Echas la vista atrás y ves cómo cambian las cosas, cómo, de repente, en un instante, en un minuto, en un segundo, te cambia todo; en ese mismo segundo en que otros paseaban con sus niños; le decían que sí a su futuro marido; cogían el bus para irse a empezar una nueva etapa, o simplemente soltaban una carcajada; en ese mismo segundo en el que otros vivían su vida, yo vi cómo en el umbral de mi puerta, en letras azules con fondo amarillo pálido, ponía bien claro: Embargo. Sentí cómo el mundo se venía abajo, sentí una mezcla de tristeza e impotencia, de ira y melancolía. No, no y no, esto no me puede pasar a mi --repetía una y otra vez en mi cabeza--, pero cuanto más lo repetía, más me agobiaba. ¿Y ahora qué hago? ¿Adónde voy? Por más que quisiera no encontraba respuesta a tan sencilla pregunta. Quizá fue eso, falta de precaución, el no saber hacer las cosas bien, el no tirar para delante cuando todo se derrumba, en no echarle cojones, el no tomar la opción correcta, o el error de no echar a andar tras un tropiezo, o simplemente el confiar en quien no debías.

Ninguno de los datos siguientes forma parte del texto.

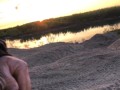 Masturbation While Watching The Sunset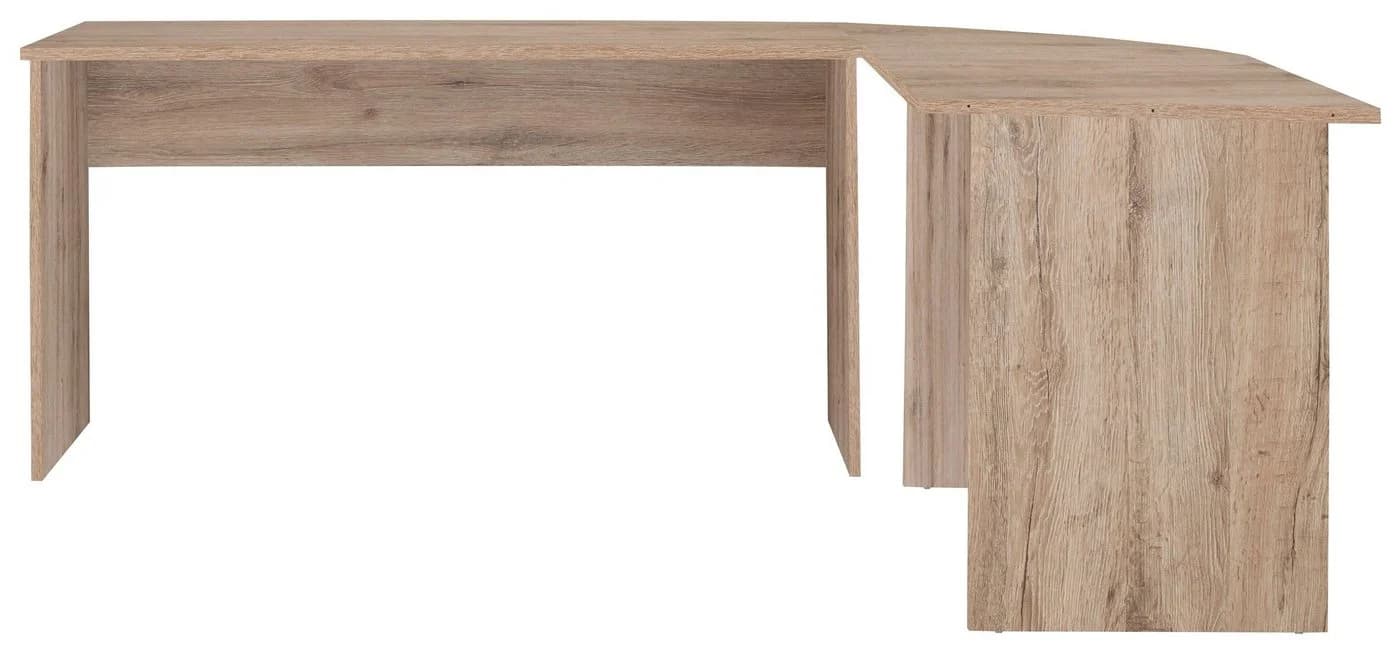 FMD Eckschreibtisch Tiell Eichefarben Modern - Bild 5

De esto hace unos tres meses, tres meses en los que intentas buscar una solución, explicación, algo o alguien que te consuele, pero no lo hay. Tres meses aguantando días de invierno, aguantando las miradas de pena y asco, aguantando las críticas e insultos, pero lo que no he logrado aguantar es que en los cartones y periódicos que me rodean a diario aparezcan titulares como "El país con más viviendas vacías es España".